**Exercise**
Give back the whole listing exactly as written, leaving out each picture.

**Information supplied**
=== Section Start ===

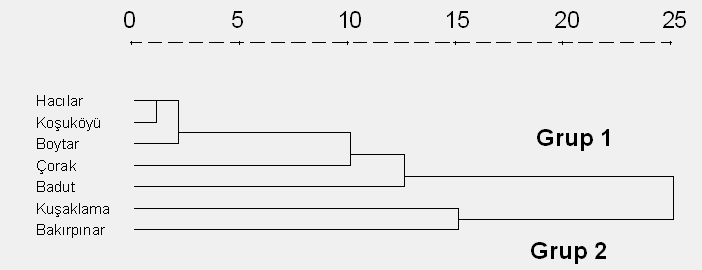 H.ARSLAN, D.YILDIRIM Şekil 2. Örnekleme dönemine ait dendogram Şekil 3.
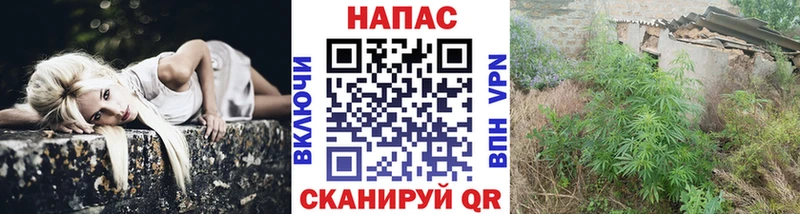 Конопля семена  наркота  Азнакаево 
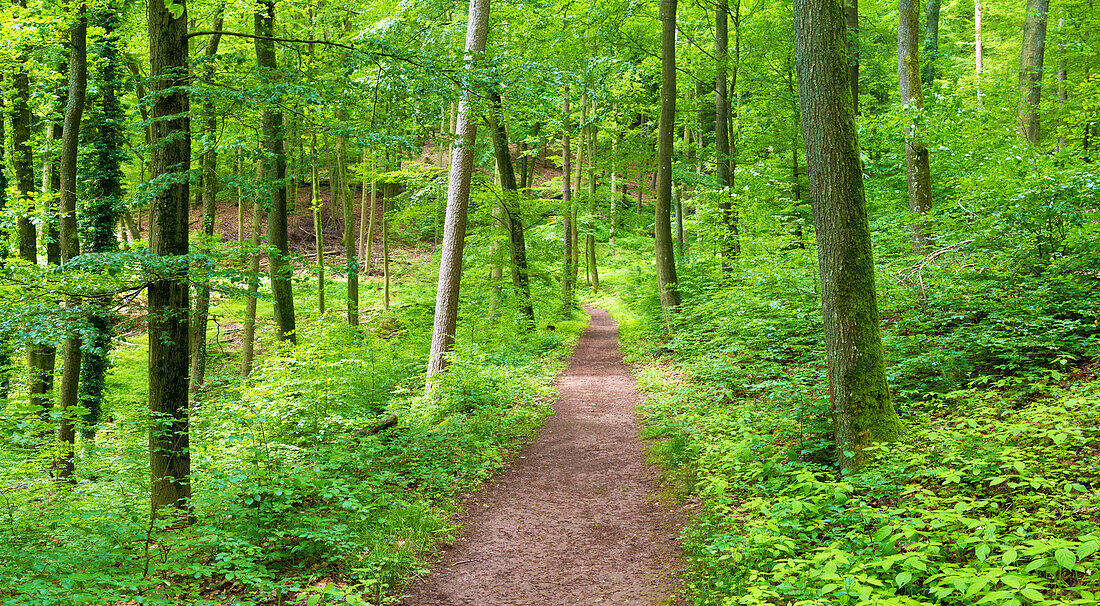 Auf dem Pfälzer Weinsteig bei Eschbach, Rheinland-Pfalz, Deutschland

=== Section End ===

**Task response**
 H.ARSLAN, D.YILDIRIM Şekil 2. Örnekleme dönemine ait dendogram Şekil 3.
 Конопля семена  наркота  Азнакаево 
 Auf dem Pfälzer Weinsteig bei Eschbach, Rheinland-Pfalz, Deutschland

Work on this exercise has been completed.